La madre y la abuela de Azra Karaduman, la bebé, también han sido halladas con vida entre los escombros. Un equipo de salvamento que trabajaba desde ayer entre los edificios de la zona en torno al mediodía hoy detectó sonidos humanos bajo una de las viviendas derruidas, lo que les llevó a acelerar los trabajos.
"Detectamos sonidos en los aparatos. Había al menos dos personas con vida. Sacar a la bebé ha sido fácil porque era muy pequeñita, pero también sacaremos a los demás", decía eufórico Ercan Toprak, director del equipo de rescate de la provincia de Esmirna (oeste), tras rescatar a Azra.
Así que los voluntarios, los gendarmes y los miembros de Protección Civil se pusieron manos a la obra y tres horas más tarde lograron sacar con vida también a la madre y la abuela, lo que causó lágrimas de alegría y aplausos entre los que se encontraban presentes, informó la agencia de noticias privada DHA.
A Azra se le suministró suero y fue puesta a resguardo en una incubadora debido a que, según los doctores, ha perdido líquidos en estos dos días bajo los escombros. Pero, a pesar de las pequeñas heridas y hematomas sufridos, los doctores han informado de que el estado de salud de la niña "es bueno".
Según la información recogida por la edición digital del diario "Hürriyet", la pequeña Azra nació prematuramente en la localidad de Sivas (Anatolia Central), donde habitan sus padres, el pasado 9 de octubre, por lo que fue ingresada en el hospital.
Sin embargo, el abuelo, Ahmet Karaduman, que trabaja como pediatra en Ercis, la llevó a su casa alegando qué él sabría "mejor que nadie" cómo cuidar a su nieta. De este modo, el terremoto sorprendió a la familia Karaduman mientras estaban en casa del abuelo y cuando Azra apenas cumplía 14 días.
"Mi mujer, mi nuera, mi nieta (Azra) y yo estábamos en la misma habitación. Mi hijo Sinan (el padre de Azra) estaba en otra habitación. Con el temblor me vi despedido fuera de la casa. Pero ellos quedaron dentro", explicó Ahmet Karaduman.
Durante dos días, casi sin esperanza de encontrar vivos a los suyos, se dedicó a ayudar a los niños supervivientes del terremoto, aunque tampoco apartó la vista de los trabajos de desescombro en su casa.
"No tenía esperanza, pero Azra se ha salvado y también mi nuera y mi mujer viven. Ahora rezo por que mi hijo también continúe con vida", aseguró Ahmet Karaduman.
El balance de víctimas del terremoto de 7,2 grados que se produjo el pasado domingo en la provincia de Van, en el sureste de Turquía, se ha elevado a 432 muertos y 1.352 heridos, según informó este martes la Administración de Desastres y Emergencias en un comunicado.

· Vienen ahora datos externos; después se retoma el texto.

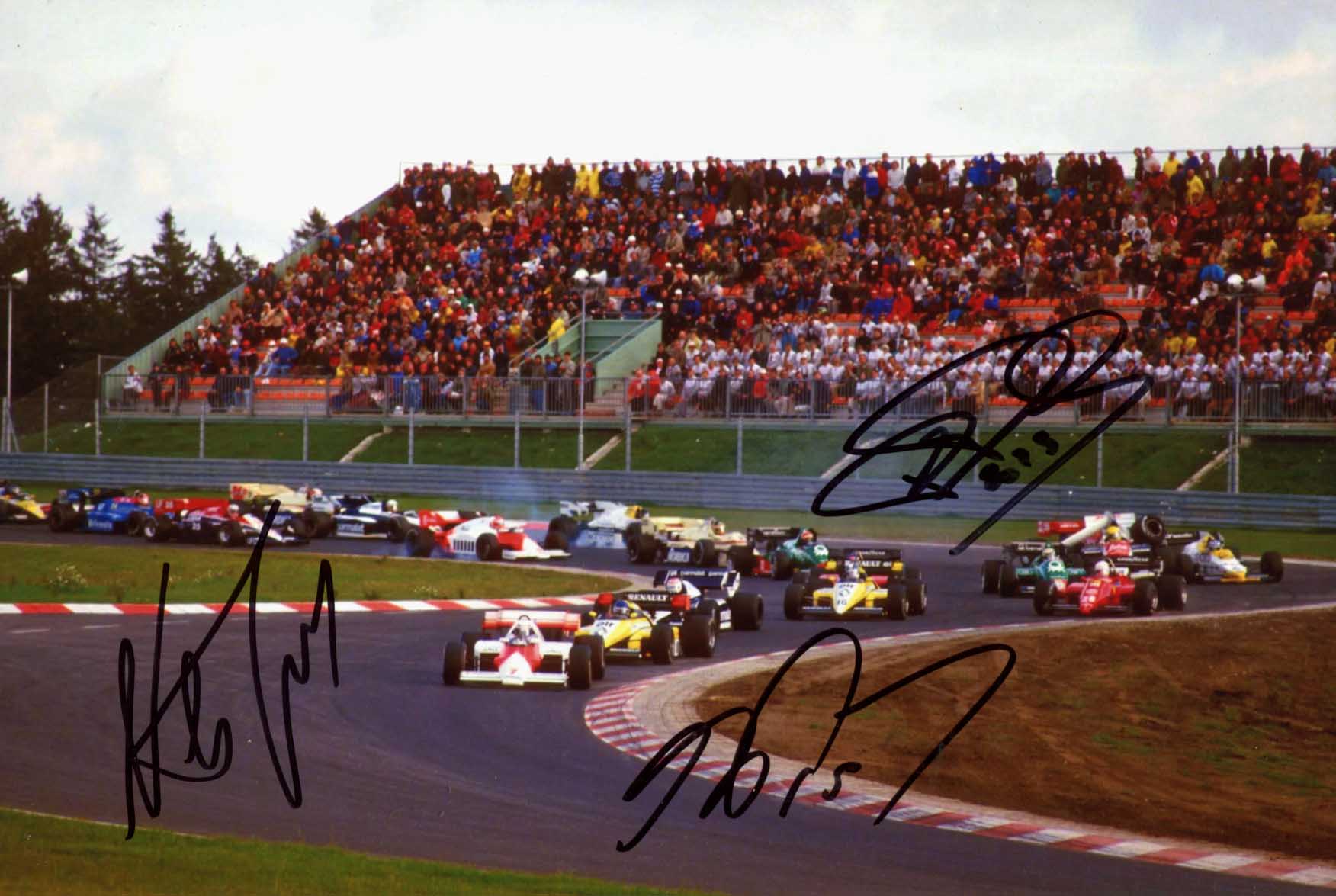 Alain & Nelson & Riccardo Prost & Piquet & Patrese Autograph Autogramm | ID 15834831454589
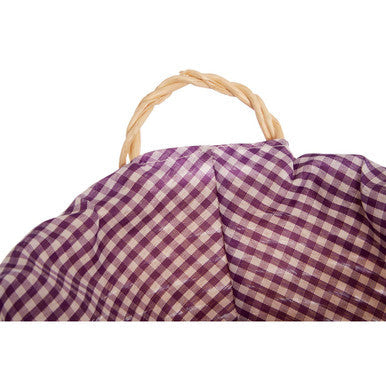 Purple Gingham Lining Round Willow Bread Basket | Orla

La misma fuente indicó que 2.262 edificios se hundieron a causa del seísmo, que sacudió el domingo por la tarde varias ciudades y aldeas próximas al Lago Van, el más extenso de Turquía y próximo a la frontera con Irán.
El anterior balance oficial de víctimas mortales era de 279. La mayoría de los edificios se hundieron en Ercis, una ciudad de 100.000 habitantes. Según las autoridades, muchas personas siguen desaparecidas.